Un anno fa dalle colonne d'un giornale dove collaboro volentieri, m'auguravo sorgesse un cinematografo nazionale che, abbandonando le scene sentimentali e le avventure poliziesche, prendesse a far conoscere agli italiani il nostro paese, le sue glorie e le sue vergogne, le sue gioie e i suoi dolori, e permettesse a tutti di rendersi conto con i propri occhi, come sudino sangue i milioni d'oro che annualmente l'emigrato riversa in Italia, e quali difficoltà ed ostilità si debbano vincere nelle province irredente per mantener viva la nostra coltura.
L'occasione e la realtà, condizionate, come sempre, sono state offerte dalla guerra. I cinematografi si son trasformati in organi nazionali senza volerlo. Ecco che, accanto al giornalista di professione o improvvisato, lungo le trincee tripoline e cirenaiche, negli accampamenti, alla partenza e all'arrivo delle truppe, in marcia verso il nemico, s'è levato un altro occhio, quello del cinematografista, pronto a sorprendere nel loro moto gli avvenimenti per i quali tanti cuori e tante immaginazioni di italiani si affollan di sangue commosso e di care figure.
Anche io, da allora, vado spesso al cinematografo. Nat Pinkerton ha cessato d'inseguire col suo revolver da commedia i truci figuri; le coriste d'operetta e le comparse non fingono più con le loro disgraziate maniere i dolori di Maria Antonietta e le orge di Bianca Cappello. Sulla tela dello sfondo le groppe delle dune si inseguono, si stende il tappeto scintillante del deserto, i mille pennacchi delle palme ondeggiano al vento marino; poi gli agili ascari a salti, come cani da pastori, bianchi e pezzati, la carica dei bersaglieri, grigi come le nuvole di sabbia che a volte li avvolgono, e i mirabili artiglieri nell'atto di dar di spalla a un cassone su per l'erta d'un vallone pietroso.
Ecco la guerra davanti ai nostri occhi.
Le tende d'un ospedale immobili sotto lo sguardo implacabile del sole: e pare d'udirne escire lamenti.

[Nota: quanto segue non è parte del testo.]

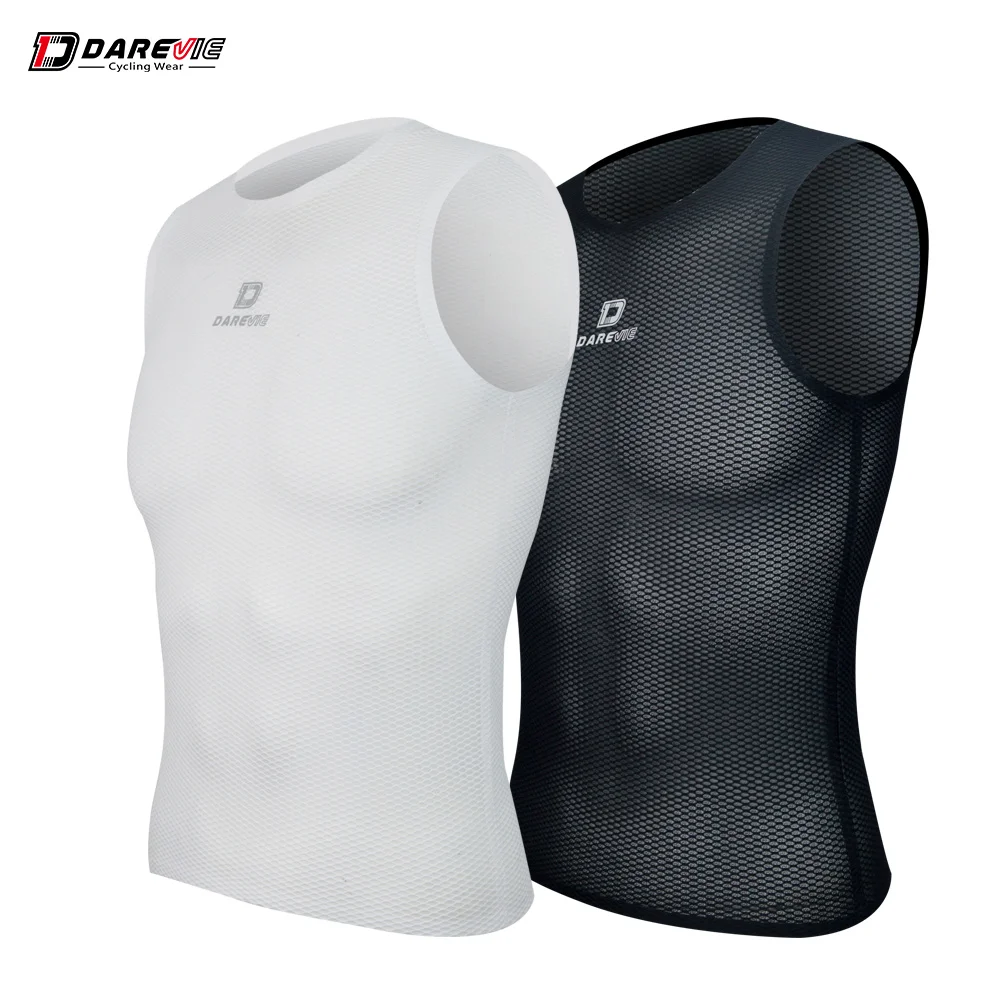 DAREVIE Cycling Vest Seamless High Quality Breathable Cycling Vest Summer Bike Vest Quick Dry Cycling Base Layer Soft Vest Men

I generali in visita per l'oasi: un silenzio grave si stende intorno ad essi. L'arabo enigmatico s'accoccola col suo segreto d'odio e di disprezzo nascosto sotto un volto di pietra.
L'acqua preziosa tratta stilla stilla dai pozzi, divenuti centro della società umana, specie di chiesa e di fortezza, luogo di ritrovo e primo bene economico.Il giornale mi lascia freddo. Al cinematografo comunico meglio col popolo italiano l'entusiasmo per i suoi figli di laggiù.